Household and corporate (PNFC) narrow money trends are informative about prospects for consumer spending and business investment respectively. Six-month growth rates of real household and PNFC M1 were similar in January – fourth chart. Both have moderated recently but have yet to signal significant spending weakness.


The suggestion that nominal GDP expansion will remain firm while output growth will moderate implies further upward pressure on GDP deflator inflation. Such strength would undermine the MPC’s claim that rising CPI inflation is entirely explicable by sterling weakness and commodity price gains, with no impact from domestic capacity pressures or “second-round” effects.

How would the MPC respond? The market judges that the Committee will have a strong aversion to raising rates during the Brexit negotiation process, almost irrespective of inflation or currency developments. Even Governor Carney, however, may believe that policy credibility has been stretched to its limit; he may, in any case, be running out of new excuses to defend the MPC’s ultra-loose stance.

Eurozone money trends suggesting stable growth, rising inflation

Posted on Monday, February 27, 2017 at 03:39PM by Registered CommenterSimon Ward | CommentsPost a Comment

Eurozone economic news remains solid – the Markit composite PMI output index, for example, reached its highest level since 2011 in February, moving above the corresponding US index. Robust economic performance was predicted by monetary trends last year (e.g. here). Nominal money growth remains strong but rising inflation has moderated real expansion. Current trends suggest that economic growth will continue at a respectable pace while “core” inflation will follow headline inflation higher later in 2017.
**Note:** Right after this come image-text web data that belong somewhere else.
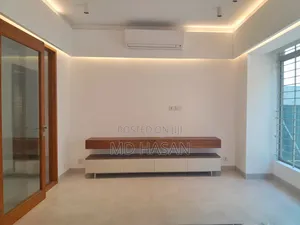 4bdrm Apartment in Semi Furnished Flat for rent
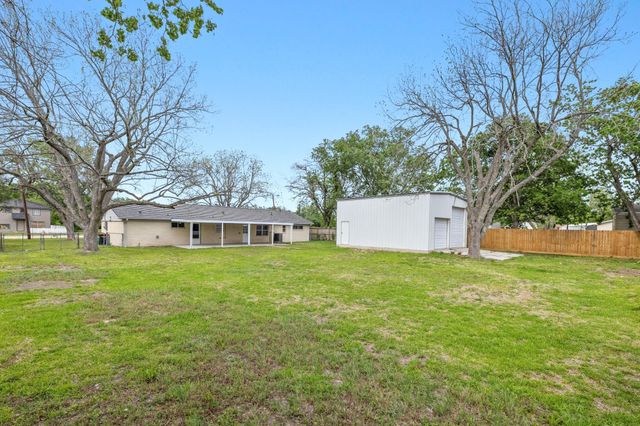 202 Massey Tompkins Road, Baytown, TX 77521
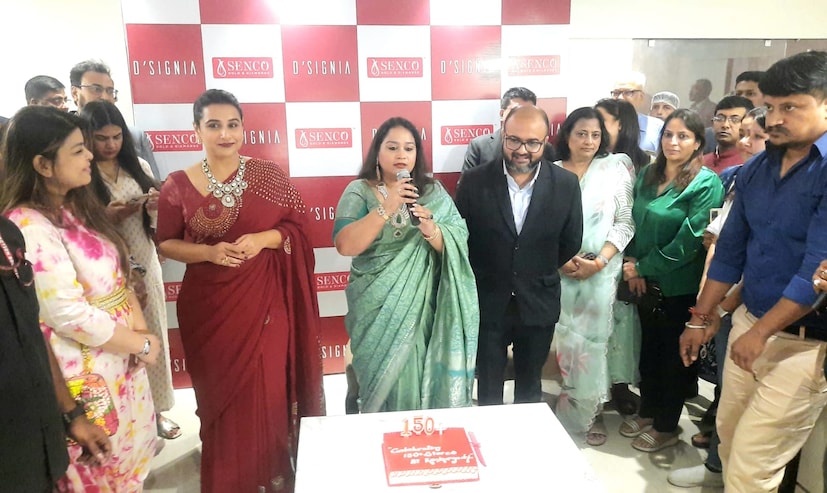 এবার পুজো শেষ হতেই ফের তিলোত্তমায় পা রাখলেন বলি অভিনেত্রী৷ সম্প্রতি এক গয়নার বিপনির উদ্বোধনে কলকাতায় এসেছেন বিদ্যা বালন৷ 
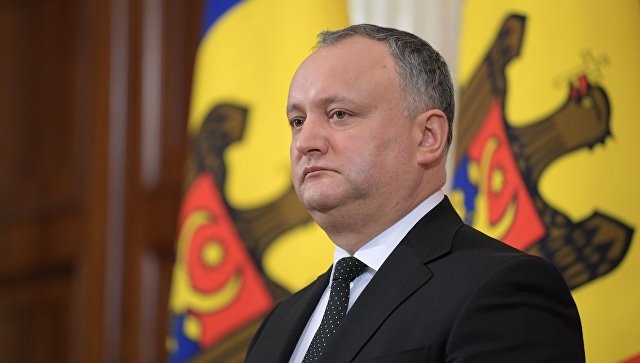 Суд прекратил полномочия президента Молдовы Додона 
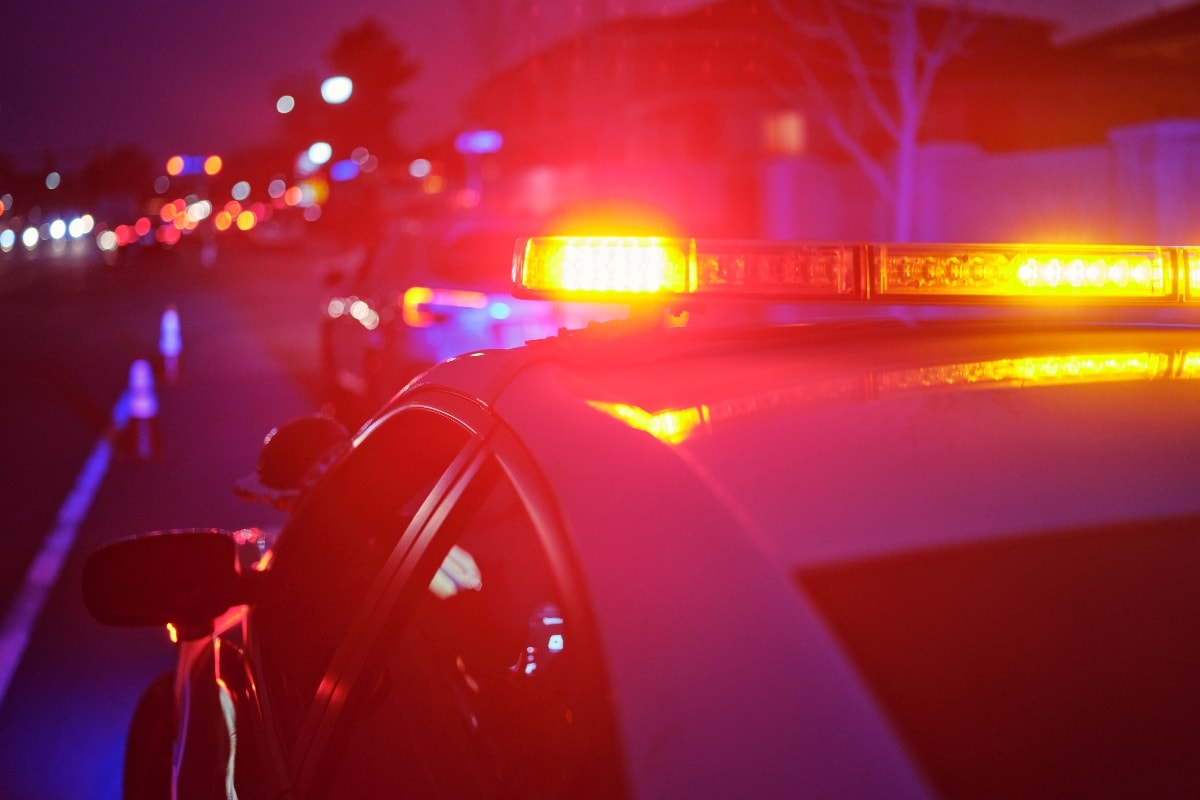 Mãe protege filho de 5 anos e leva socos e chutes do marido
The preferred narrow and broad monetary aggregates here are non-financial M1 and M3, comprising money held by households and non-financial corporations – the headline M1 / M3 measures additionally include financial corporations’ holdings but these contain little information about near-term economic prospects. Annual growth of non-financial M1 rose to 9.7% in January, a nine-month high, while growth of non-financial M3 reached 5.9%, the highest since 2008. The recent increases suggest that annual growth of nominal GDP will pick up during 2017 – see first chart.


The preferred monetary measure here for forecasting fluctuations in economic activity is the six-month rate of change of real (i.e. consumer-price-deflated) non-financial M1. This has moderated since the first half of 2016 but remains solid by historical standards and was little changed in January – second chart. The slowdown in recent months has been entirely due to rising inflation, with six-month nominal growth moving higher – third chart.
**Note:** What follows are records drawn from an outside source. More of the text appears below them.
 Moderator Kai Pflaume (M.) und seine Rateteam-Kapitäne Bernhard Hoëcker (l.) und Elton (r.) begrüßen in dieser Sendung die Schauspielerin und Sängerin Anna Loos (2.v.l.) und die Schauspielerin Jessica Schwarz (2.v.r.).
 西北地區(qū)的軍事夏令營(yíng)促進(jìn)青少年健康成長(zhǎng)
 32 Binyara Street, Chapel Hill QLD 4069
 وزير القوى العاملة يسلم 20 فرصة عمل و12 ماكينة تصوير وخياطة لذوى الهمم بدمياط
Six-month real non-financial M1 growth is around the middle of its range over the past three years, a period during which GDP expansion has averaged 1.7% per annum – a reasonable expectation for the pace of growth over the next two to three quarters. Such growth would be above “potential” economic expansion estimated by the EU Commission, IMF and OECD at 1.0-1.2% in 2017, implying a further fall in unemployment.

Rising nominal money growth, meanwhile, suggests that stable real economic expansion will be accompanied by higher inflation, as measured by the GDP deflator – the broadest measure of domestic prices. Faster growth in the GDP deflator would be expected to be associated with a rise in “core” consumer price inflation (i.e. excluding energy, food, alcohol and tobacco) – fourth chart.


A recent post noted that the euro exchange rate was depressed in 2016 by a record outflow of direct and portfolio investment – this outflow swamped a rising current account surplus, resulting in a large “basic balance” deficit. The post suggested that the outflow would slow in 2017, partly reflecting QE “tapering”, supporting the euro. This slowdown may have begun, judging from data on the net external asset position of monetary financial institutions (MFIs): the change in such assets mirrors the basic balance and the decline in the six months to January was the smallest for a year – fifth chart.